Create a Household of Savers
Like so many areas of education, financial education starts at home. Saving is difficult when you’re trying to make ends meet, but you know the principles: reduce spending (grocery, cable, cell phone bills), increase income (microbusiness, government assistance, second job) or both. One key aspect you may not be fully developing, though, is creating better habits in your children.
If you are really transparent with your kids, honest about needs versus wants, and expose them to your family’s overall financial situation, they can help contribute to the family’s overall financial health. Tell them what you bring in and what your expenses are. Give them a small allowance—preferably not tied to chores is what I’ve found works well—and help them learn about long-term versus short-term finances. Let them see the benefits. Show them early on that even a small amount of savings can really add up.
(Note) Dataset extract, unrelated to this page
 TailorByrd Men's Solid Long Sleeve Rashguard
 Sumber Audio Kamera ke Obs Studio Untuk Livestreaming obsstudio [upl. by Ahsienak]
In turn, they will be able to help the family keep expenses down and increase savings.
As they get a little older, you may want to pair additional expenses with building potential employment skills. For instance, you may ‘buy them that video game, but on the condition that they’ start taking programming classes. Maybe you offer them the cash you were going to spend on their birthday party—but require them to save at least half.
Getting them in this financial mindset will not only help your family now, but also help prepare them for the future.
Living Life Automated
There are so many benefits to automating aspects of your budget—so long as you’re still periodically checking in on them. For instance, having your monthly bills automatically charged to your credit card will keep you from missing a payment; that helps you avoid late fees and helps raise your credit score. By reviewing those expenses regularly, you also can track where your money is going each month—and make adjustments accordingly.
You also can automate where funds go from your paycheck—toward your IRA, to your HSA, to savings and even to a “fun money” account. Ensuring your monthly fun fund is adequately financed—assuming it aligns with the rest of your budget—will make spending that money a truly fun, enjoyable, guilt-free experience.
Part of financial education is learning the principles, and the benefits come from putting those principles into practice—but that doesn’t mean you can’t simplify and automate some of aspects of it.
Use Technology
Fifth Third offers tools like Fifth Third Momentum®, but there are also plenty of others out there. It’s important to find one that you’ll actually use to apply the principles you’re learning to improve both your financial education and your financial health. With 40% of adults saying it would be difficult to cover a $400 emergency expense—resorting instead to “carrying a balance on credit cards and borrowing from friends or family"—that extra cash saved over time is a game changer. That little bit is small enough that you don’t miss it, but it helps build your savings.
It can help someone else pay off debt, too. With student loan debt ballooning over the past decades, it’s becoming more and more difficult for young people to get out of the hole that paying for education can create. Our family decided to help out a family member. We all connected our accounts to her student loans through the Momentum app. Every time a charge was rounded up to the nearest dollar, that extra change went toward her student loans. With several of us contributing, collectively paying that debt, we’ve already paid off about $2,300.
Other tools may help you maximize your 401(k) contributions or employer benefits. In some cases, the tax savings will be such that you won’t even notice a change in your paycheck. Other apps will buy stocks and invest in funds for you, putting your money into the market as well in small increments and creating an opportunity to let your money work for you and for your wealth to grow.
Education with Action
Technology can help only if it’s coupled with action. For some people, like my mother, those financially savvy behaviors come naturally. For others, those principles have to be learned. Just learning them isn’t enough, though. You have to apply them.
People need to get educated about managing their finances and then adjust their habits and behavior accordingly. It’s hard. It takes time. Maybe some app or service or technology will be a permanent tool for you, or maybe it will be temporary. But start with those bite-sized actions, see it work in your life, build the mental muscles it takes to make strong financial decisions and then help others—children, family, friends—work toward their own financial education and independence.